我們把Picard iteration記在下面:
==============================
Iteration Scheme (Picard Iteration):
給定 $X_t^{(0)}:=x_0$,與下列跌代過程:
\[
X_t^{(n+1)} = x_0 + \int_0^t \mu(s, X_s^{(n)})ds + \int_0^t \sigma(s,X_s^{(n)})dBs \ \ \ \ (*)
\]==============================
那麼我們的第一步是先證明跌代解為Cauchy sequence。接著再透過 $L^2$ space的completeness可推得此Sequence收斂。

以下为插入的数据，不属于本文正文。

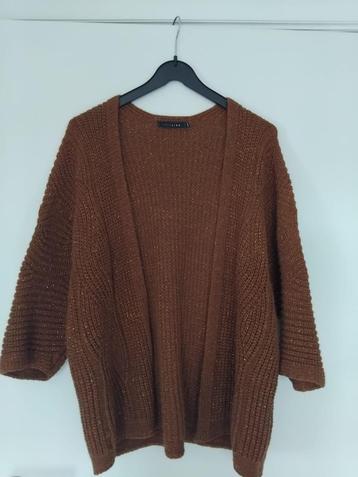 Gebreide vest voor dames,bruin met glinstering;maat:L/XL. beschikbaar voor biedingen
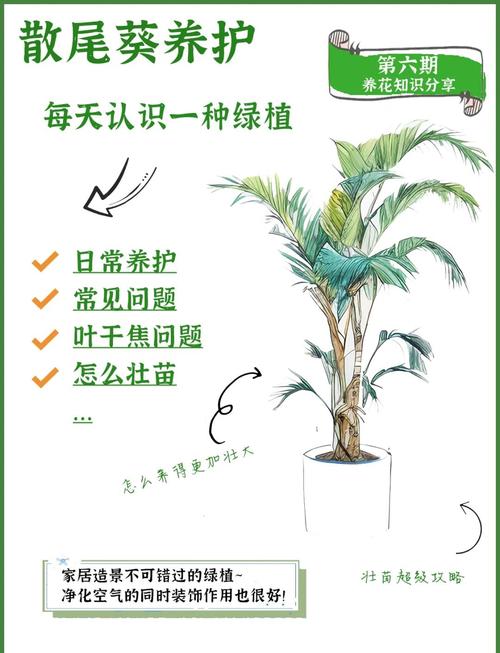 散尾葵的风水作用，散尾葵的风水作用有什么寓意散尾葵这么摆放风水比较好？-第4张图片-优品飞百科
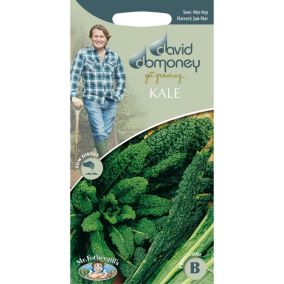 David Domoney Black Tuscany Kale Seed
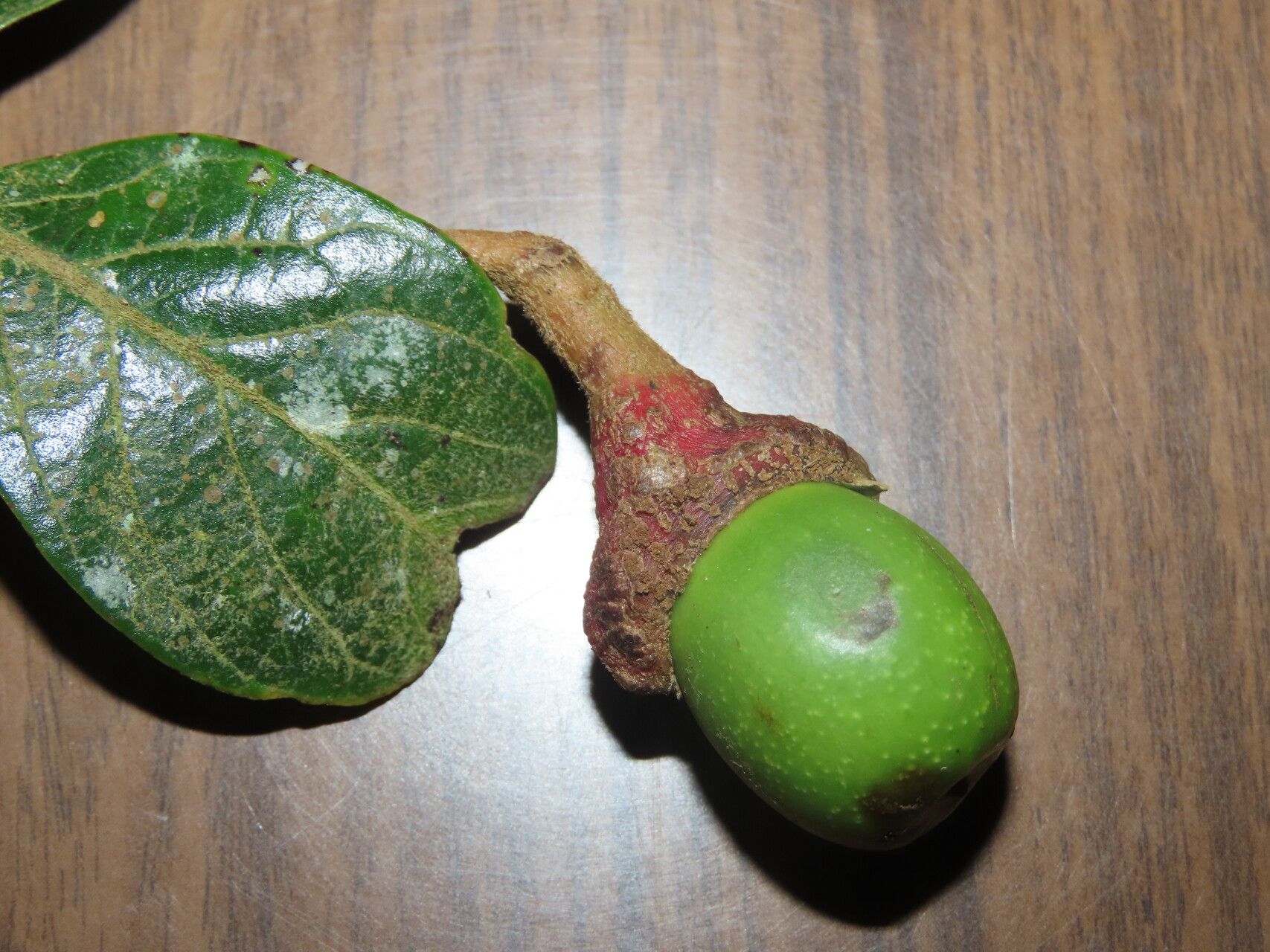 Ocotea pseudopalmana fruit
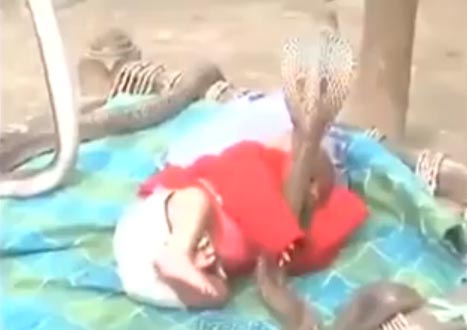 คลิปงูเห่าเลี้ยงเด็กในอินเดีย คลิปงูเห่าเลี้ยงเด็กในอินเดีย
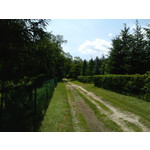 PICTURES FROM THIS PHONE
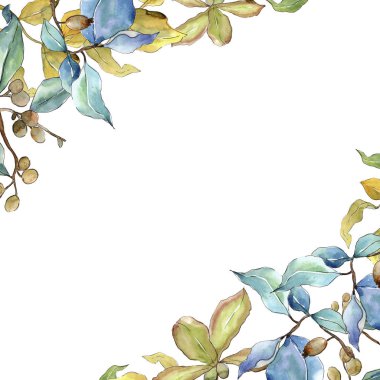 İğde suluboya tarzında bırakır. Çerçeve kenarlığı süsleme Meydanı. Aquarelle yaprak için arka plan, doku, sarıcı desen, çerçeve veya kenarlık.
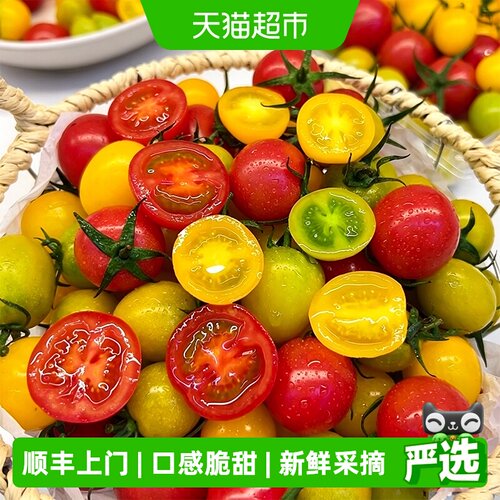 瓜憨憨小番茄圣女果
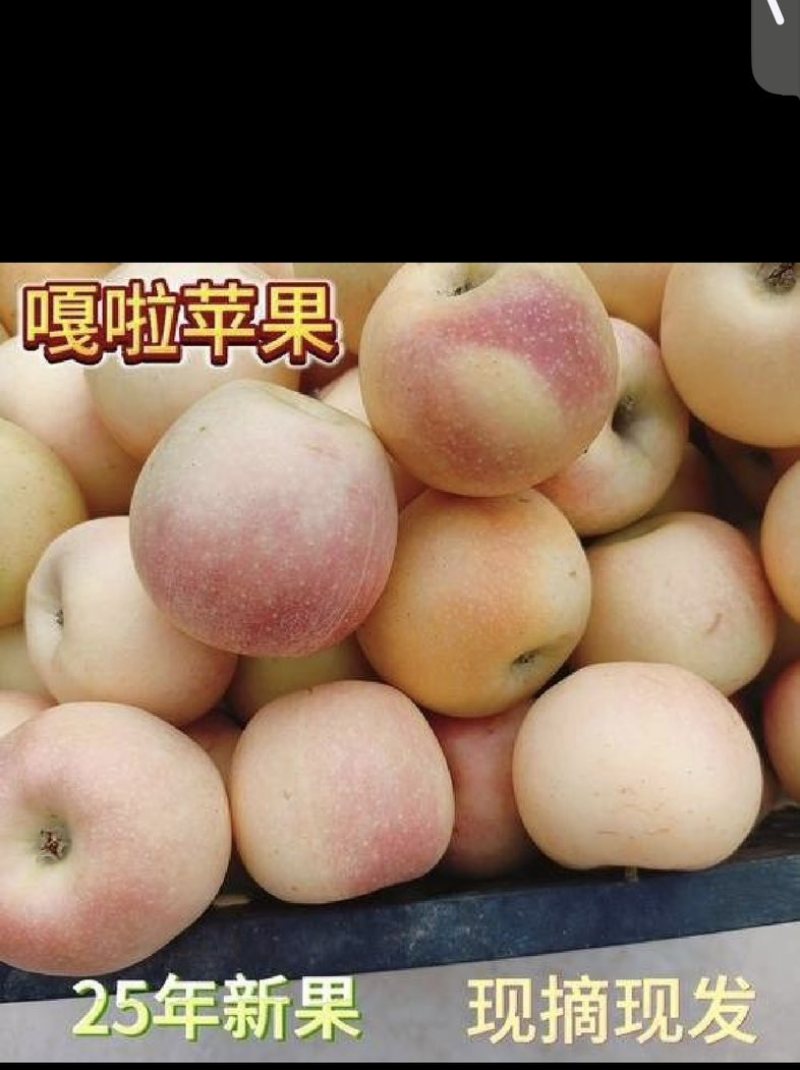 旮旯苹果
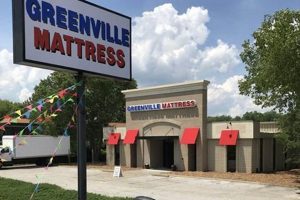 Best Mattress Stores in Greenville, SC: Sleep Better! Organic & Natural Mattress Buyer’s Guide: Non-Toxic Sleep Solutions Best Mattress Stores in Greenville, SC: Sleep Better! | Organic & Natural Mattress Buyer’s Guide: Non-Toxic Sleep Solutions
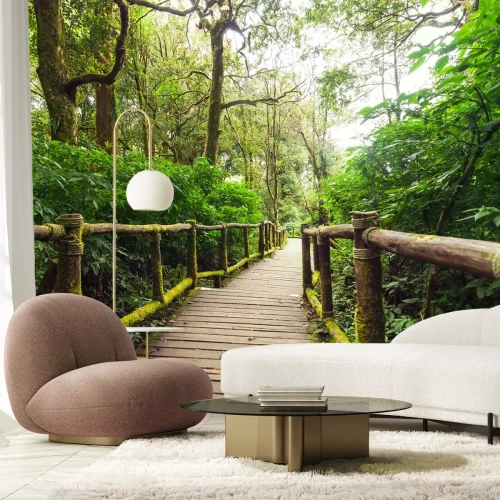 Fotobehang Brug over de tropen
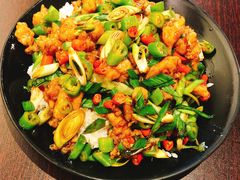 轰炸鸡-厨掌柜陆老师(天津之眼店)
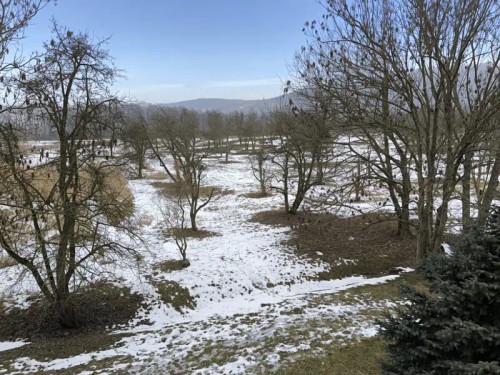 Prodej bytu 1+1 45 m²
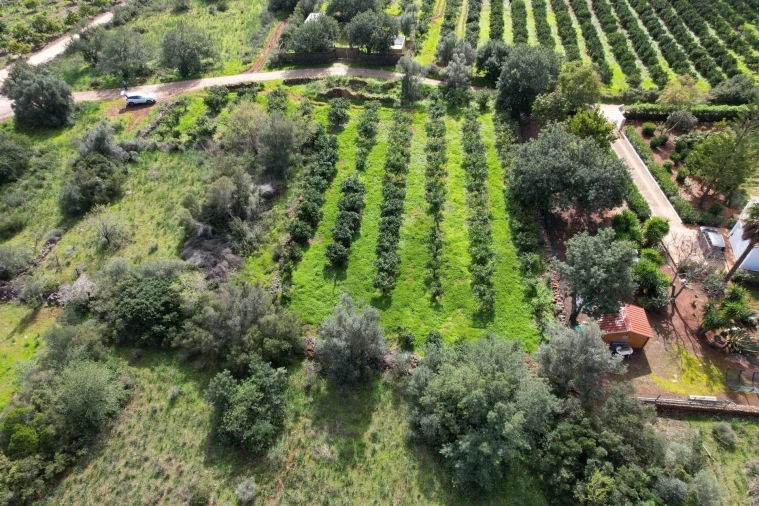 Terreno para Venda em São Bartolomeu de Messines Foto 7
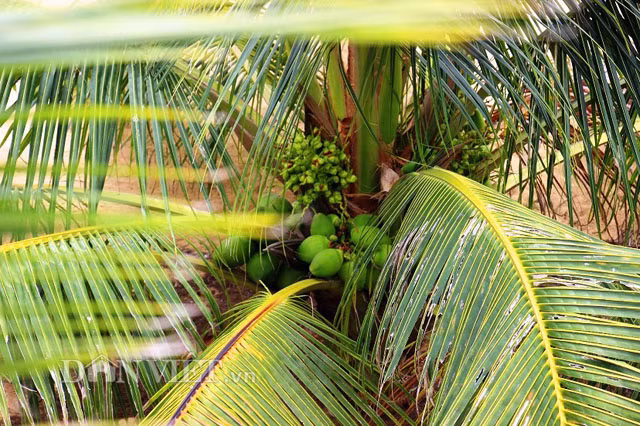 Sau 3 năm, hiện nay trong số 130 cây dừa xiêm lùn da xanh thì đã có hơn 70% cây trong vườn ông Nguyễn Văn Dậu (SN 1956, trú xã Tam Quan Nam, huyện Hoài Nhơn, Bình Định) đã ra trái.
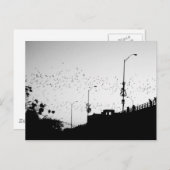 Vleermuizen boven Austin Briefkaart (Voorkant / Achterkant)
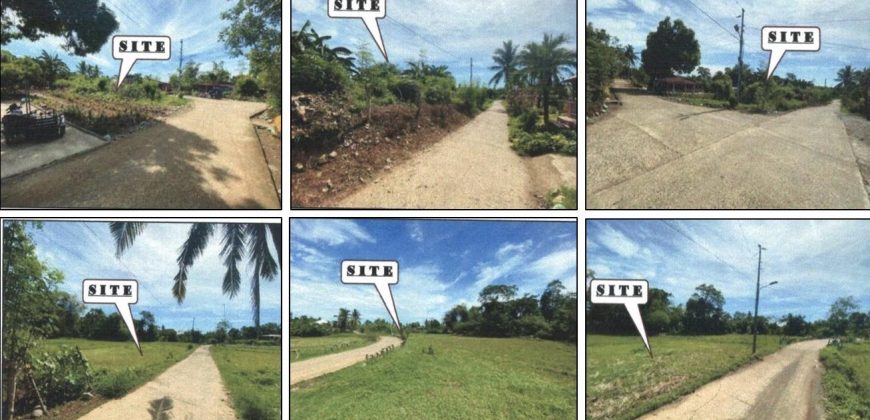 Foreclosed Residential Lot in Jones, Isabela · Lot 2252-H (PDIC)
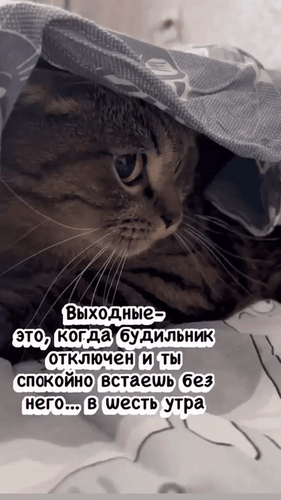 Мем с котом под одеялом о том, как круто просыпаться в 6 утра в выходные без будильника. Смешная жизненная цитата про идеальное утро и отдых. Анимированная открытка Юмор Забавное и жизненное изображение с котом, спрятавшимся под одеялом, которое иллюстрирует философию идеальных выходных. На картинке наложен текст на русском языке: «Выходные — это, когда будильник отключен и ты спокойно встаешь без него... в шесть утра». Изображение идеально подходит для мемов о продуктивности, иронии над режимом сна и уютной атмосферой утра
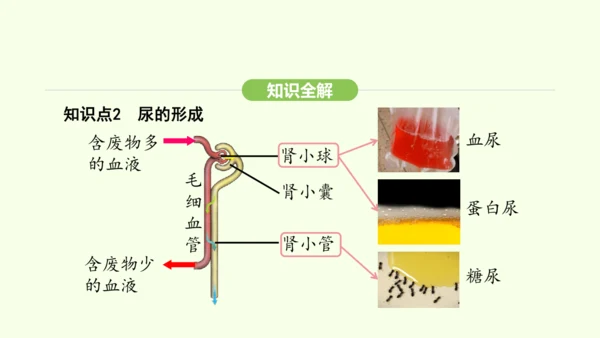 第四单元-第五章-人体内废物的排出课件-2024-2025学年七年级生物下学期人教版(2024)(共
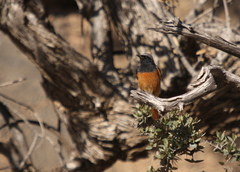 Muscicapidae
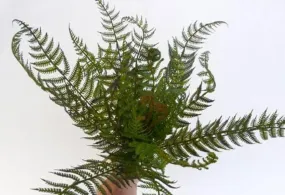 Artificial New Zealand Fern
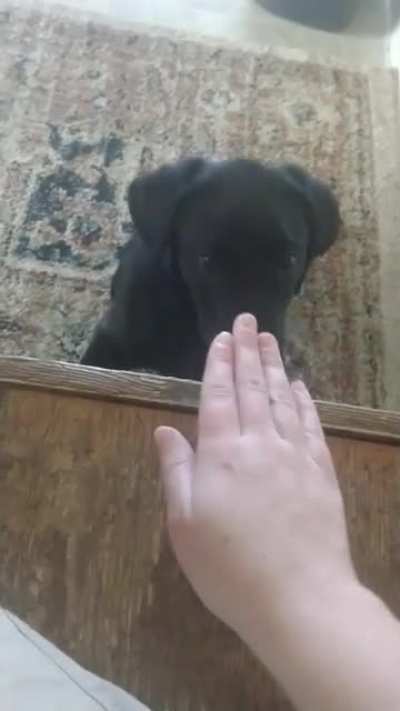 He just wants noms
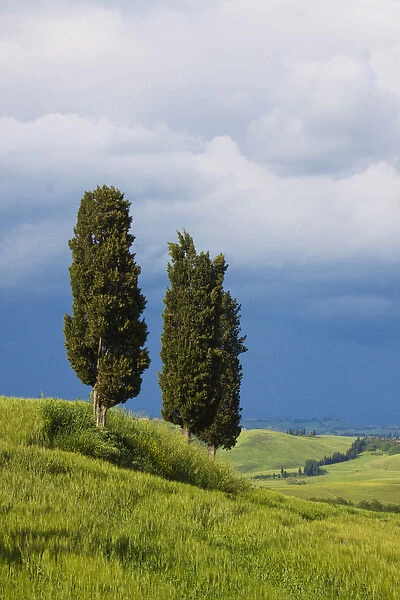 Europe; Italy; Tuscany; Rolling Hills of Spring Wheat Fields and Cypress Trees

我們先證明下面的Lemma
===============================
Lemma
若 $\mu, \sigma$ 滿足Lipschitz condtion:
\[
| \mu(t,x) - \mu(t,y)|^2 + |\sigma(t,x) - \sigma(t,y)|^2 \leq K |x-y|^2
\]則存在一個常數 $C$ 使得 由Picard iteration所定義的隨機過程 $X_t^{(n)}$滿足下列不等式:
\[
E \left[ \displaystyle \sup_{0 \leq s \leq t} |X_s^{(n+1)} - X_s^{(n)}|^2 \right ] \leq C \int_0^t E \left[ | X_s^{(n)} - X_s^{(n-1)}|^2 \right ]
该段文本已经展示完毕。